Friday, May 27, 2016

End of Secret Six

The fourth volume of Secret Six is over.

The series is lots of fun (if anything it, could have used two or three extra issues), and it made great contributions to the diversity of DC characters, but it's also noteworthy because of its contribution to Ralph and Sue Dibny as characters.

As its last cover shows, this incarnation of the Secret Six is about a family of quirky misfits brought together by a common enemy. In contrast, the previous incarnation of the Secret Six is a group of key players within the DC Universe supervillain community who refuse to join a syndicate of super-criminals called Secret Society of Supervillains.

In the first two issues of this series, we see Catman —a classic minor enemy of Batman and part of the previous incarnation of the Secret Six—  get captured and tortured along Big Shot, Porcelain, Black Alice, the Ventriloquist, and Strix.

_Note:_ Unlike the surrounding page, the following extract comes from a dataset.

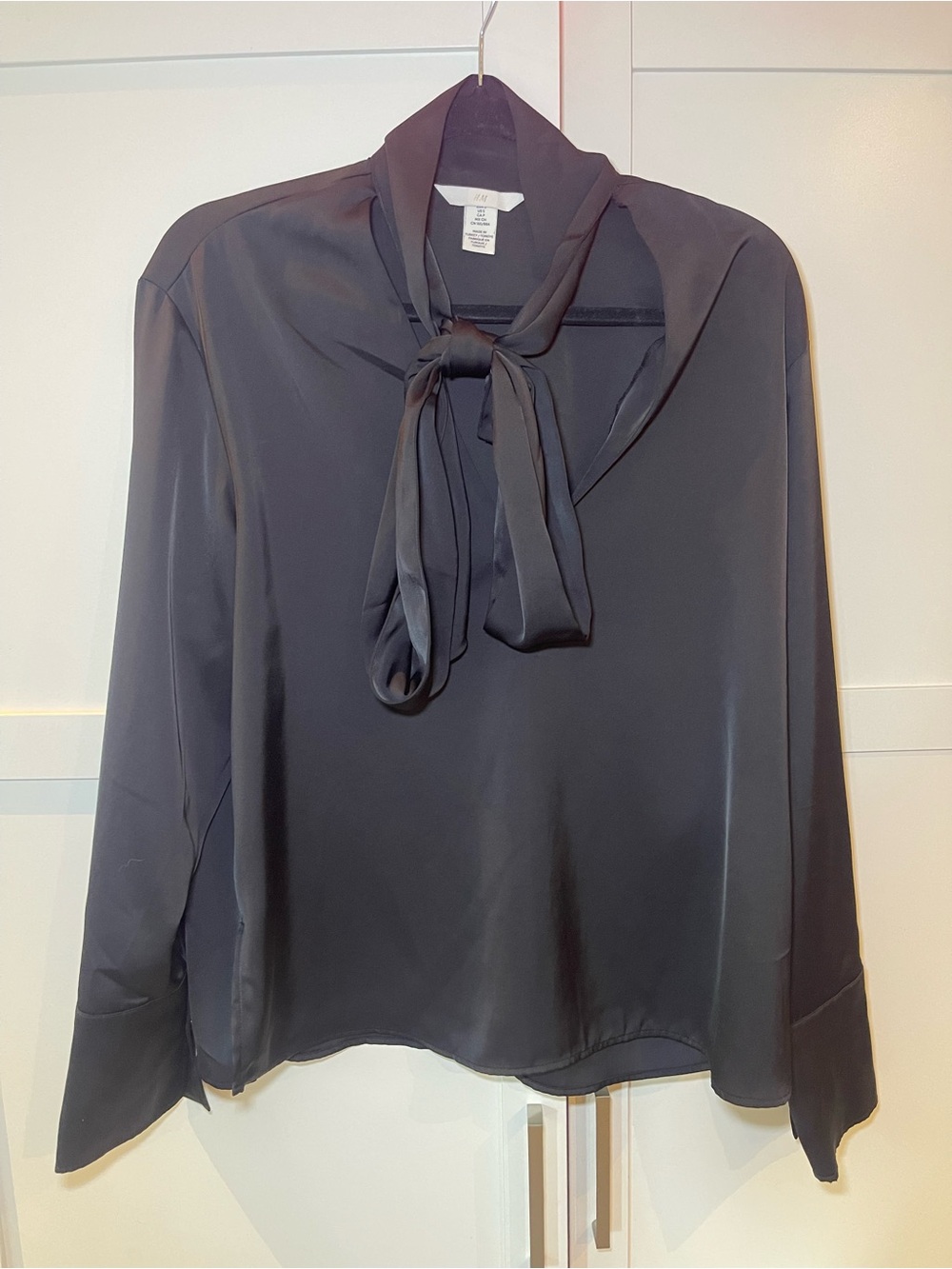 H&M Black Satin Tie-Neck Blouse with Bow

The five of them characters apparently created by Gail herself (one of them is soon revealed to be another classic character in disguise).

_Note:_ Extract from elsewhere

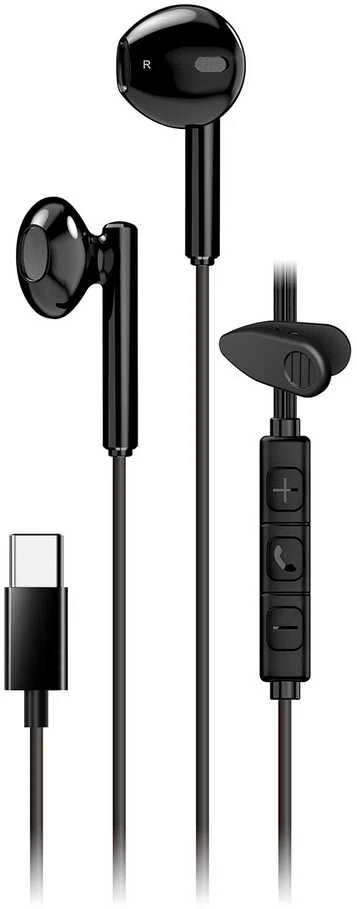 Ausinės Genius ausinės HS-M366 ausinės, mikrofon, USB-C, rotáční klip, juoda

After their rough start, despite their shenanigans, Ralph Dibny keeps them together in a suburban house outside Gotham City, where they fight the Riddler, a Lovecraftian menace and the League of Assassins.

It would seem pretty odd to see the Elongated Man, a character usually associated with very straight and heroic people, with criminals and misfits, but we can guess that Gail was paying some tribute to the hardboiled roots of the characters. Ralph and Sue Dibny are famously based on Nick and Nora Charles, from The Thin Man.

Despite their wealth and happiness, Nick and Nora love to party and drink with all sorts of people from Nick's past as a private detective. They also take care and almost adopt the troubled Dorothy Wynant. All of this is very similar to the way Ralph and then Sue take care of Catman, Porcelain, the Ventriloquist, Strix, and especially Black Alice.

The Thin Man was originally a novel, but MGM made a film adaptation and several sequels out of it. The book and the scripts for the first two sequels were written by Dashiell Hammet, which might explain the way Gail portrayed Damon Wells as blue collar, hardboiled detective, and Sue appears to be a femme fatale at first. Of course, there are no sources to back this kind of similarities as something Gail intended, but they are still there.

Intended or not, the fun part about it is that Secret Six is the origin story of Ralph and Sue within the New 52 (some of that might remain as part of the upcoming "post-Rebirth" continuity), and Gail just gave them a backstory that pays tribute to their  hard-boiled roots.